Selon la page Facebook, les complexes balnéaires suivants n’accepteraient pas les femmes voilées dans leur piscine : le Farimont Hotel, Steigenberger Hotels and Resorts, Andrea Hacienda, Noria Resort, Royal Maxim Palace Kimpinski, et d’autres encore.
Les restaurants et bars refusant l’entrée aux femmes voilées incluraient Lemon Tree, Cairo Jazz Club et L’aubergine, qui sont pour la plupart situés à Zamalek, un quartier chic du Caire.
« Je suis allée avec mes amis au Lemon Tree and Co lors de son inauguration à Zamalek, et après avoir passé notre commande, le garçon est venu nous dire : ‘’Je suis désolé mais selon les règles de l’établissement, les femmes voilées ne sont pas autorisées’’ », a raconté Dina Adel, une résidente du quartier, à MEE.

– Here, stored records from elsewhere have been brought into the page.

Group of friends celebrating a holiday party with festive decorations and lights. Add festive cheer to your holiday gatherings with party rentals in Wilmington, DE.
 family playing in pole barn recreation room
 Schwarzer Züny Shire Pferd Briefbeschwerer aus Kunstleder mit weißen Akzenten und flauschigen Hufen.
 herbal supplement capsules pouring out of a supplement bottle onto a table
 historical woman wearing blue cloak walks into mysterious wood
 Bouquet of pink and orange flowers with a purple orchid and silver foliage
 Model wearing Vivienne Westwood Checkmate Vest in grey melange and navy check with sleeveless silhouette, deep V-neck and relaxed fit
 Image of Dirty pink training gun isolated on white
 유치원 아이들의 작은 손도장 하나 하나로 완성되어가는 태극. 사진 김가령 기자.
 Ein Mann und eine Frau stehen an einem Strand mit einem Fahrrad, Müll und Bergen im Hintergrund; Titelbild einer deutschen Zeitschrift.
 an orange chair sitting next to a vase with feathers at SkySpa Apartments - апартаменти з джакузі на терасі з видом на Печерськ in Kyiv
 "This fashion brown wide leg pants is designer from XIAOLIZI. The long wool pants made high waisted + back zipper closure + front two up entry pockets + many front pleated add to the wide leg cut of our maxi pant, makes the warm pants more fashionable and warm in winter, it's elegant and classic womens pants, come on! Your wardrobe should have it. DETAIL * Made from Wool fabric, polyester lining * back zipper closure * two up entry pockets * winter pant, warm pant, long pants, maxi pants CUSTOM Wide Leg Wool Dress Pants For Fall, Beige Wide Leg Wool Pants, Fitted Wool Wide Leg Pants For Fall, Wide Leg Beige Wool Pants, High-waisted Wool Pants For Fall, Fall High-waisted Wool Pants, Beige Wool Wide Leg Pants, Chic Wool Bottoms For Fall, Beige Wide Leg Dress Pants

Quand MEE a contacté le Lemon Tree au sujet de l’incident, un porte-parole a répondu : « Nous sommes en travaux de rénovation pendant un mois et ensuite nous ouvrirons avec un nouveau nom... Ce sera au même endroit, mais avec un autre nom, donc nous ne savons pas encore quelle sera la politique de l’établissement ».
Il a toutefois indiqué que le Lemon Tree maintiendrait sa politique d’interdiction des femmes voilées dans l’après-midi.
« Le matin, l’endroit sert de restaurant donc le voile est autorisé, mais la nuit, c’est un bar et il y a de l’alcool donc le voile n’est pas accepté », a-t-il précisé.
Si les femmes voilées se voient refuser l’accès sous prétexte de la présence d’alcool, les femmes qui portent le niqab (le voile du visage) sont souvent interdites d’accès dans les restaurants même pour le déjeuner. Nihal Rashed a indiqué qu’elle n’avait pas pu entrer dans les restaurants Sky Lounge à Manial et Carol dans la ville du 6 Octobre parce qu’elle portait le niqab, « pourtant c’était l’heure du déjeuner ».
Ingy Mohsen, qui s’est mise récemment à porter le niqab, a indiqué que personne ne l’ennuie sur le campus de son université et qu’elle n’a rien subi de véritablement offensant – mais qu’elle n’a pas le droit d’aller dans certains endroits.
« Un jour, nous nous rendions à Carcas, à Maadi, et on nous a dit qu’il n’y avait pas de place alors qu’il était évident qu’il n’y avait presque personne. Nous portions des abayas [robes] ou des niqabs. » Mohsen a ajouté qu’elle s’attendait à devoir affronter ce genre de situations quand elle a décidé de porter le niqab.
L’auteur de cet article écrit sous un pseudonyme pour des raisons de sécurité.
Traduction de l’anglais (original).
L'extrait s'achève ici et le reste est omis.